3. La demande de titre de séjour présentée par M. A...sur le fondement de l'article L. 313-15 du code de l'entrée et du séjour des étrangers et du droit d'asile a été rejetée au seul motif que son état civil ne pouvait être établi de manière probante dès lors que la totalité des documents civils qu'il a présentés, à l'exception de l'acte de décès de son père, sont inexistants et donc considérés comme apocryphes. Si M. A...soutient que l'extrait d'acte de naissance du 24 avril 2015 et le jugement supplétif tenant lieu d'acte de naissance n° 10568 du 21 avril 2015 ont donné lieu à un avis favorable du 26 mai 2015 émis par le brigadier analyste en fraude documentaire de la direction départementale de la police aux frontières de Loire-Atlantique, il ressort de cet avis que son caractère favorable résultait du respect de la " légalisation " de l'acte, soit du respect de certaines obligations formelles et non du respect des conditions de fond de sa délivrance. Par ailleurs, la réponse des autorités guinéennes transmise à l'ambassade de France en Guinée du 14 mars 2017, qui lui est postérieure, mentionne qu'elles n'ont pas retrouvé de trace de ce jugement supplétif. La circonstance que cette réponse comporte une erreur au niveau du numéro de transcription de ce jugement supplétif, à savoir 224 au lieu de 2240, ne saurait nécessairement révéler, contrairement à ce que soutient le requérant, que les services de la préfecture ont saisi les autorités guinéennes de références erronées. Dans ces conditions, la force probante de l'acte de naissance et du jugement supplétif n'est pas établie et le requérant, qui ne peut en l'espèce justifier de son état civil par la seule production de sa carte consulaire, n'est pas fondé à soutenir que c'est à tort que le préfet a estimé que son état civil, impliquant la condition d'âge induite par les dispositions de l'article L. 313-15 du code de l'entrée et du séjour des étrangers et du droit d'asile, n'était pas établi.

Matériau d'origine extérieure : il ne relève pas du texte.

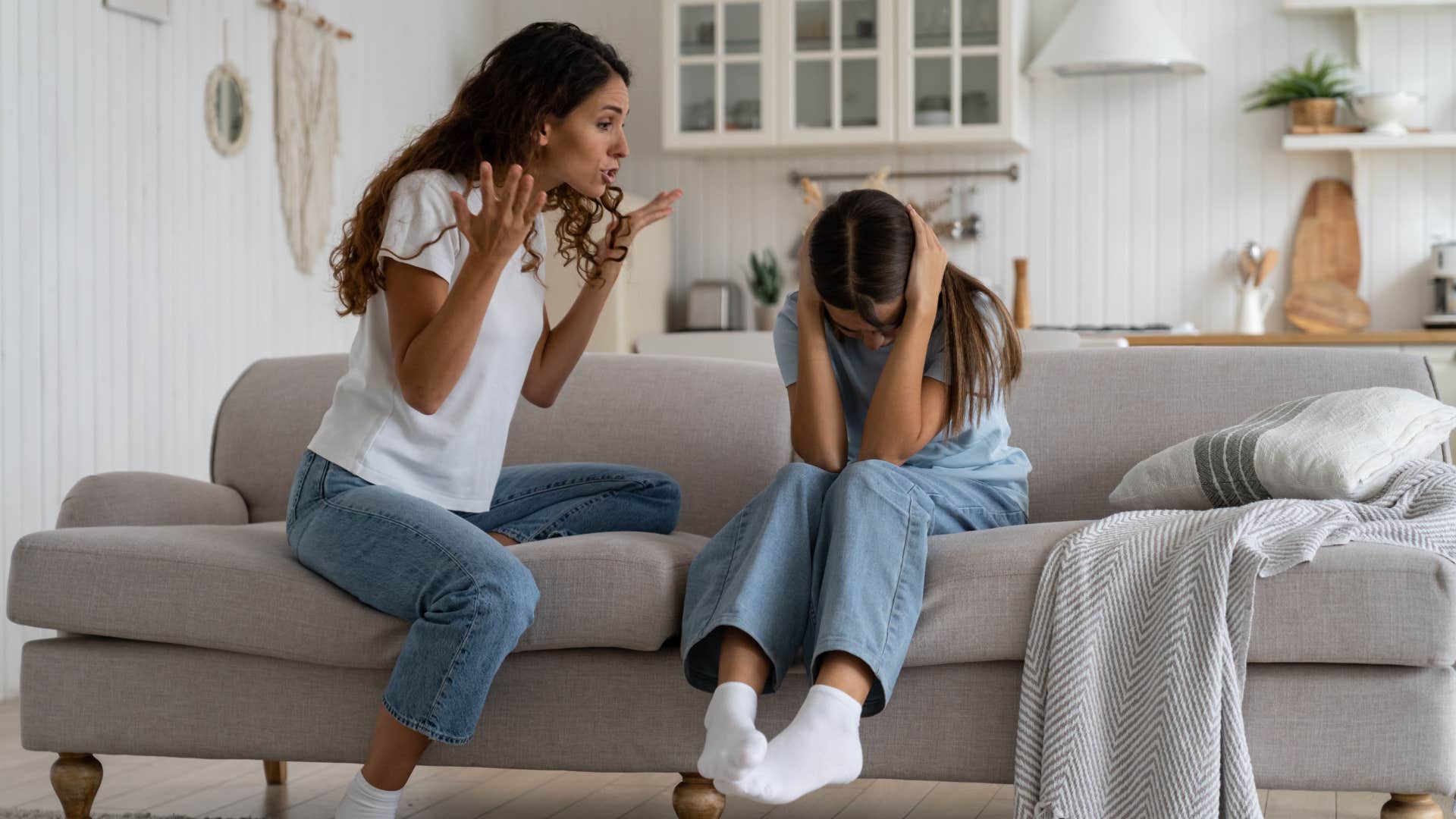 mom snapping at her kid over a small thing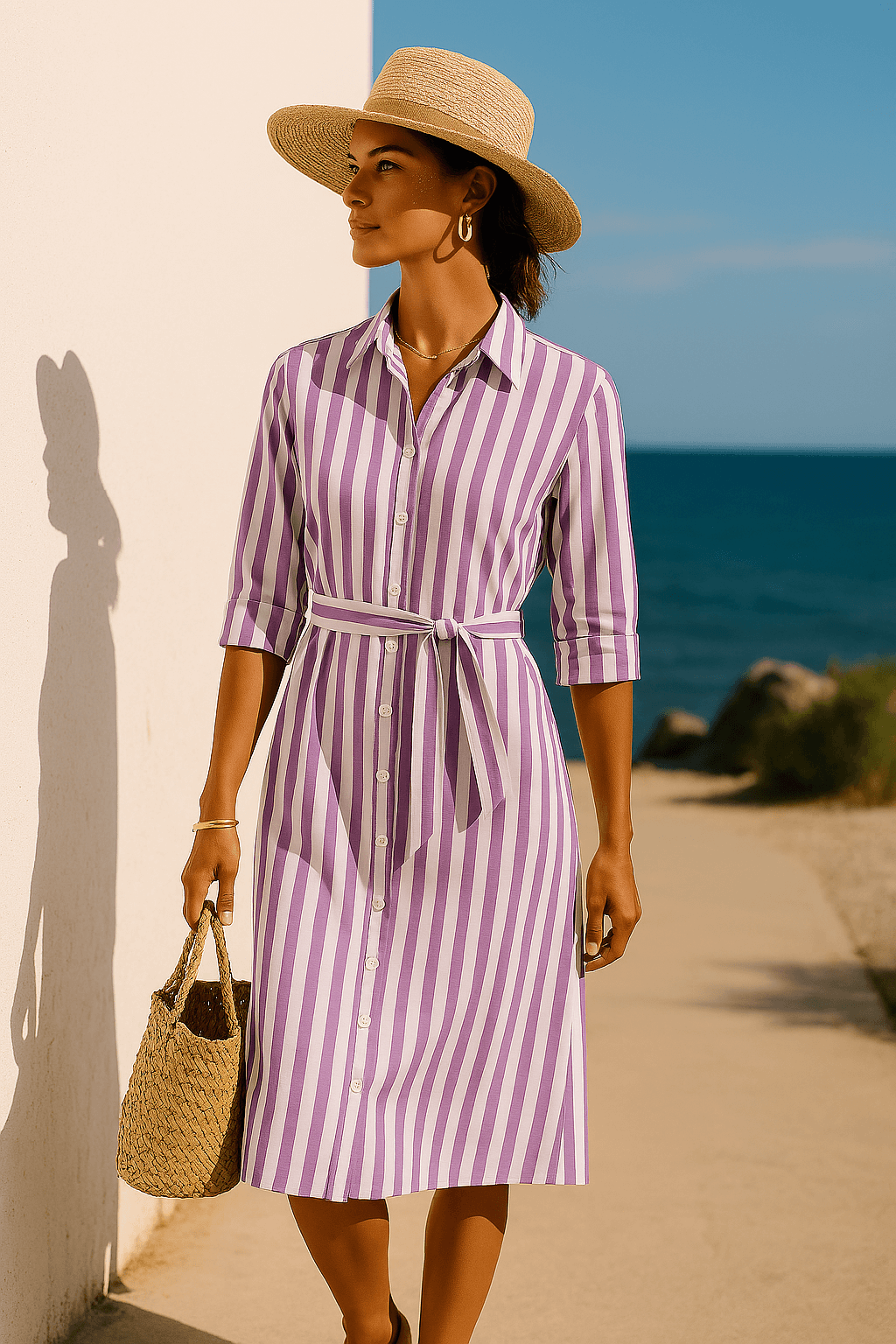 Purple striped woven-dyed cotton poplin fabric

4. En deuxième lieu, M. A...est entré en France, selon ses déclarations, en mai 2015. Une tutelle a été ouverte à son bénéfice par ordonnance du 26 juin 2015 du juge des tutelles du tribunal de grande instance de Nantes et confiée au conseil général de la Loire Atlantique qui l'a pris en charge dans le cadre d'un contrat de soutien à l'autonomie des jeunes. Il a suivi le dispositif " Mission de lutte contre le décrochage scolaire " avant d'intégrer, à la rentrée scolaire 2016-2017, une seconde professionnelle en logistique. Célibataire, il ne se prévaut d'aucun lien familial ou privé en France tandis qu'il n'est pas dépourvu de toutes attaches en Guinée où réside notamment son oncle. Dans ces conditions, en dépit de ses efforts de formation et d'insertion, le requérant n'est pas fondé à soutenir que la décision de refus de séjour porte une atteinte disproportionnée à son droit au respect de sa vie privée et familiale au regard des buts pour lesquels elle a été prise. Par conséquent, le moyen tiré de la méconnaissance des dispositions du 7° de l'article L. 313-11 du code de l'entrée et du séjour des étrangers et du droit d'asile doit être écarté. Pour les mêmes motifs, doivent être écartés les moyens tirés de ce que la décision de refus de séjour et la décision portant obligation de quitter le territoire français méconnaissent les stipulations de l'article 8 de la convention européenne de sauvegarde des droits de l'homme et des libertés fondamentales et celui selon lequel la décision portant obligation de quitter le territoire français est entachée d'une erreur manifeste d'appréciation de ses conséquences sur sa situation personnelle.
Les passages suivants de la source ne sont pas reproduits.